**SUPPLIED MATERIAL**
►
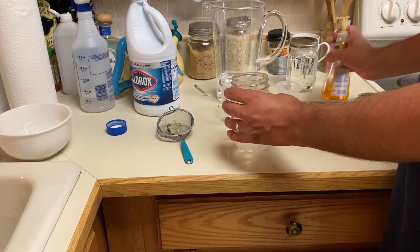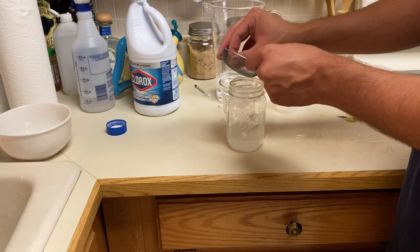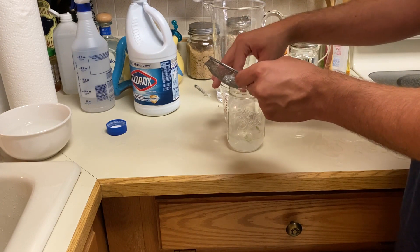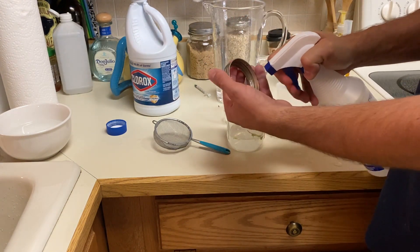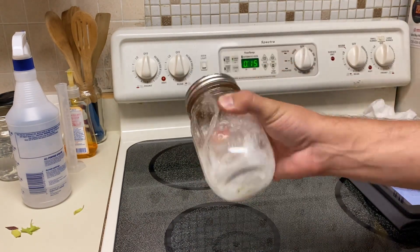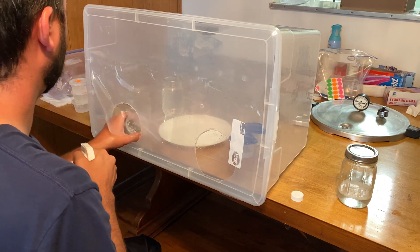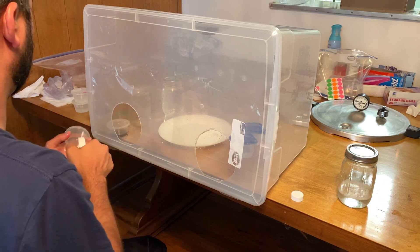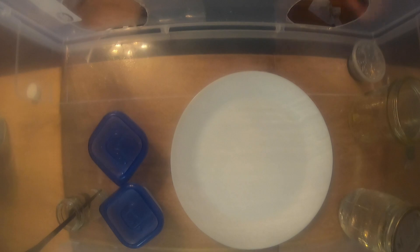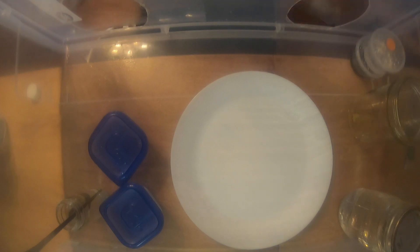Add about a drop of the antibacterial hand soap — the soap helps break the surface tension and helps sterilization a lot. Add in the plants, set an alarm for 15 minutes, and shake for 15 minutes. After 15 minutes is up, spray down the media cups with rubbing alcohol and put those into the still air box — I'm just doing three cups for this video.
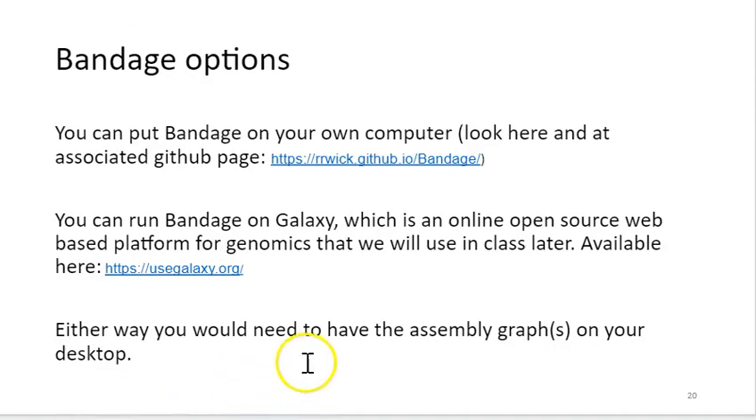You can access Bandage in a couple of ways. You can download it and put it on your own computer — directions are at Ryan Wick's GitHub page, and Mac users need to pay attention to use the right specifics. Or you can access Bandage on the online platform Galaxy, which is designed for community-sourced genomics work. You can do a lot of what we do in class on Galaxy, and we'll be checking that platform out in various ways, since you won't always have access to a resource like RON. Bandage is loaded there — you can upload your assembly graph, view the graph, and look at summary statistics on assembly quality metrics.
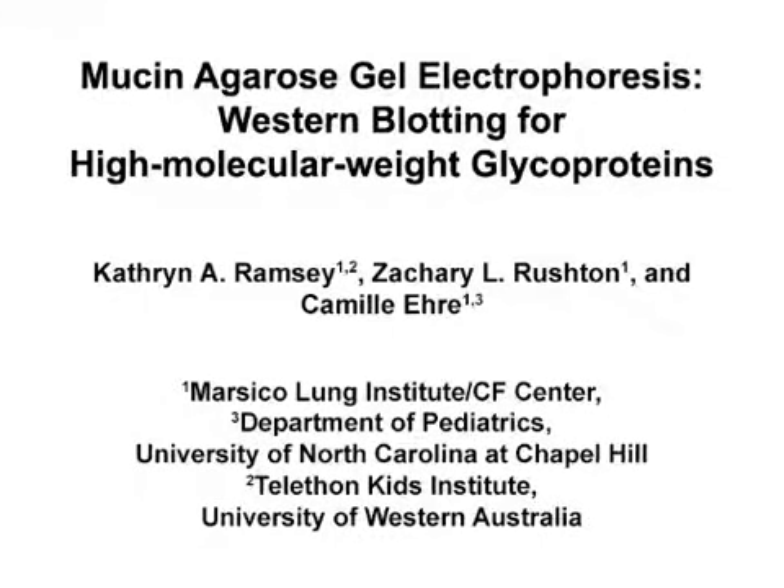The overall goal of this Western blotting technique for high molecular weight glycoproteins is to electrophoretically separate mucins contained in mucus-rich samples. This method can help answer key questions in the field of mucin biology, such as investigating the polymeric state and relative concentrations of specific mucins harvested from various mucosal surfaces. The main advantage of this technique is that it is easy to establish, relatively low cost, and requires minimal laboratory equipment.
◄
**WHAT TO WORK ON**
Drop the pictures, then repeat the material word for word.

**ANSWER**
Add about a drop of the antibacterial hand soap — the soap helps break the surface tension and helps sterilization a lot. Add in the plants, set an alarm for 15 minutes, and shake for 15 minutes. After 15 minutes is up, spray down the media cups with rubbing alcohol and put those into the still air box — I'm just doing three cups for this video.
You can access Bandage in a couple of ways. You can download it and put it on your own computer — directions are at Ryan Wick's GitHub page, and Mac users need to pay attention to use the right specifics. Or you can access Bandage on the online platform Galaxy, which is designed for community-sourced genomics work. You can do a lot of what we do in class on Galaxy, and we'll be checking that platform out in various ways, since you won't always have access to a resource like RON. Bandage is loaded there — you can upload your assembly graph, view the graph, and look at summary statistics on assembly quality metrics.
The overall goal of this Western blotting technique for high molecular weight glycoproteins is to electrophoretically separate mucins contained in mucus-rich samples. This method can help answer key questions in the field of mucin biology, such as investigating the polymeric state and relative concentrations of specific mucins harvested from various mucosal surfaces. The main advantage of this technique is that it is easy to establish, relatively low cost, and requires minimal laboratory equipment.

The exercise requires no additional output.